That this House agrees that on the separation of parents, priority should be given to the interests of the children; believes that it is in the best interests of all children for both parents to be fully involved in their upbringing and hence that separated parents should each have a legal presumption of reasonable contact with their children, except where a child's safety would be at risk, so that children are able to benefit from being parented by both their parents, as well as from contact with any grandparents and extended family members able and willing to play a role in their upbringing; regrets the Government's opposition to such a legal presumption, which will lead to yet more children being denied access to both their parents and their extended families; views with concern the Government's failure to implement the Early Intervention Project; and calls on the Government to replace the legal term 'contact' with 'parenting time', to introduce a legal presumption of co-parenting and to introduce early intervention in parental separation, with court-backed mediation and guidelines on parenting-time.
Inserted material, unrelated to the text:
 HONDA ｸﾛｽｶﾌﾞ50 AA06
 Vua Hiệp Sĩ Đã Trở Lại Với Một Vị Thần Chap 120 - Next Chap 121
The subject is a highly charged and immensely sensitive issue for us to debate. We are dealing with not only matters of law but people's feelings and lives. Most important, we are dealing with the lives of children, who look to us as politicians, to the courts and, most fundamentally, to their parents to protect them.
Family justice has become clouded with purple powder and people dressed as Batman, but we must not forget that the fundamental reason for debating the issue is to ensure the best outcome for our children. I accept that all hon. Members aspire to that, yet the stark reality is that too many children lose contact with parents who love them and too many families are torn apart, often spending miserable years trapped in our family court system, which offers little light at the end of a long tunnel.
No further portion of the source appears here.